「あなたって純ね…」 語りすぎず余韻のある表現 「純」
「純」 とは、純粋とか純情、純愛、純潔、無垢など、真っすぐで混じりっけや打算のない正直で素直な人の心や、それが向けられる 愛 や関係性を指す言葉です。 一般的には肉体関係や性的関係を伴わない精神的な愛、心のつながりという意味で使われることが多いでしょう。
もっぱら恋愛の形や自称他称で人の性格や感情を指すために用い、「純な恋」「あなたって純ね」「俺って純だから」 なら、純粋・純情な恋愛やその心を持っている、あるいは恋愛などに勇気を持てない臆病さで最後の一歩が踏み出せない意気地なさ、不甲斐なさを遠回しに表現する言い回しとなります。 対義語は 「不純」 です。
純粋や純情などは似ているようで細かい違いがありますし、文脈によって意味も変わってきますが、ただ 「純」 とだけ触れて、語りすぎず想像の余地や余韻があるのは、ちょっと気の利いた言い回しだなと思います。 現在でもそのまま使われることがありますが、「純ね」 よりは 「純粋だね」「純情ぉ〜」 あるいは 「ピュア〜」 みたいな、よりはっきりした表現の方が好まれるかも知れません。
「不純ではなく純なんだ」 という価値観
語源と云うか、純という言い回しは 普通 の日本語ではあるのですが、ことさらに若者の間でこの言い回しがされる状況にもっとも大きな影響を与えたであろう言葉として、前述した対義語の 「不純」 があります。 邪心や野心、下心のある曲がった心とか、何らかの不純物が混入・汚染 (コンタミ) した状態を呼んだりもしますが、若者の間でよく使われる不純は、中高生ら未成年による身体的 (性的) な接触を伴う恋愛や性行為を指す 「不純異性交遊」(不健全性的行為) でしょう。 青少年健全育成条例 や警察・学校での少年補導・生活指導において、よく用いられる言葉です。
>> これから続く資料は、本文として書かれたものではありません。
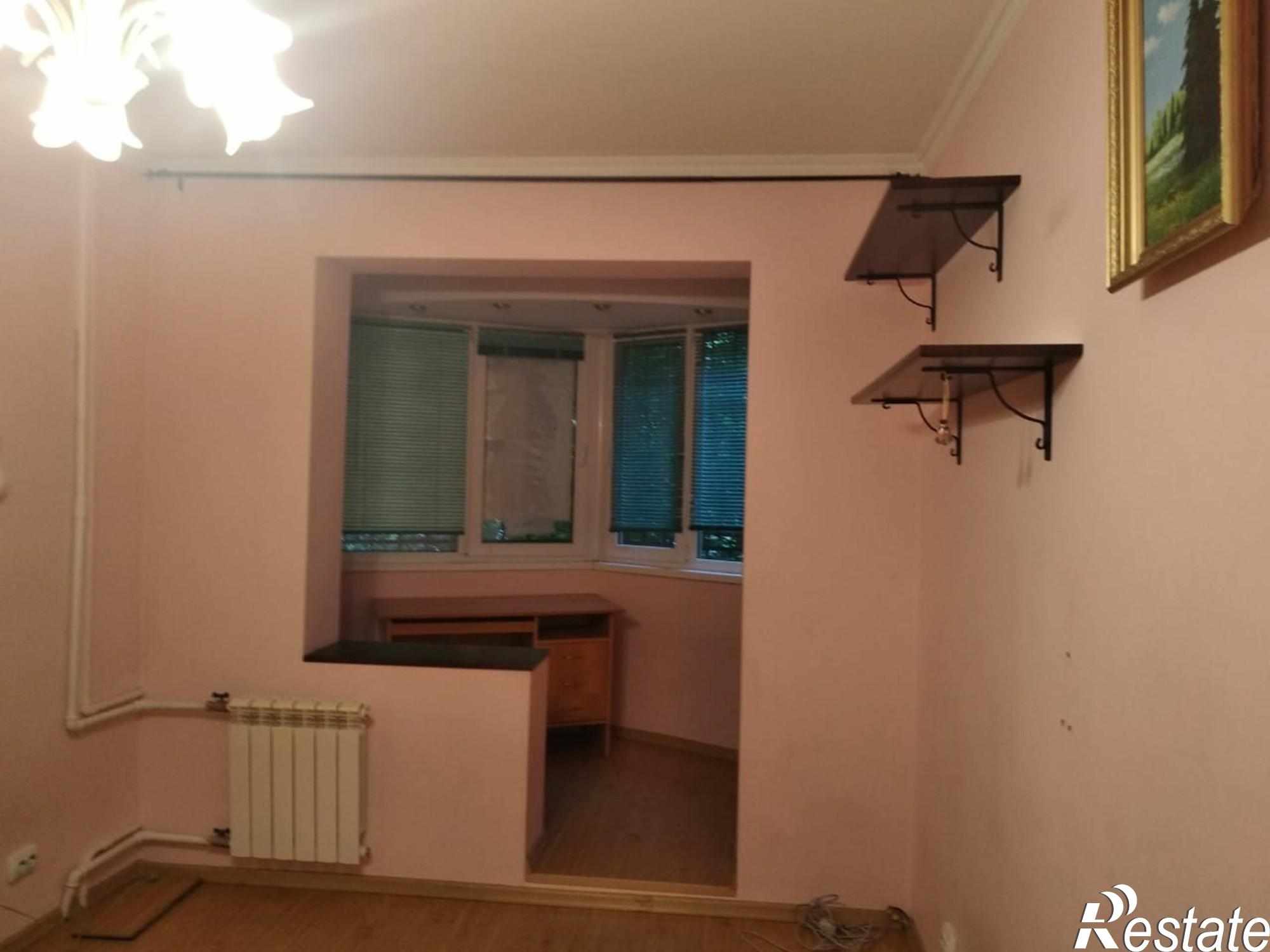 Купить квартиру за 2 950 000 рублей на Зорге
一般的には不良行為のひとつとされ、責任能力のない生徒の保護や生徒は学業が本分という考え方の元、しばしば学校当局による 「恋愛狩り」 みたいな生活指導も行われていました。 不純異性交遊や恋愛を禁じるのみならず、恋愛になりそうなものの禁止 (服装の乱れとか繁華街での夜間徘徊、すごい学校だと女子のうなじが色っぽくて男子の劣情を喚起するので ポニーテール は校則で禁止とか) も含まれ、それに対する言葉が 「純」 であり、素朴な本来の意味で使われるようになったのか、あるいは若者にとって頭の固い大人が定めたように見える不純への反発や皮肉としてなのかはともかく、精神的なつながりや恋心のみの想いをことさらに 「純」 と呼ぶひとつのきっかけになっています。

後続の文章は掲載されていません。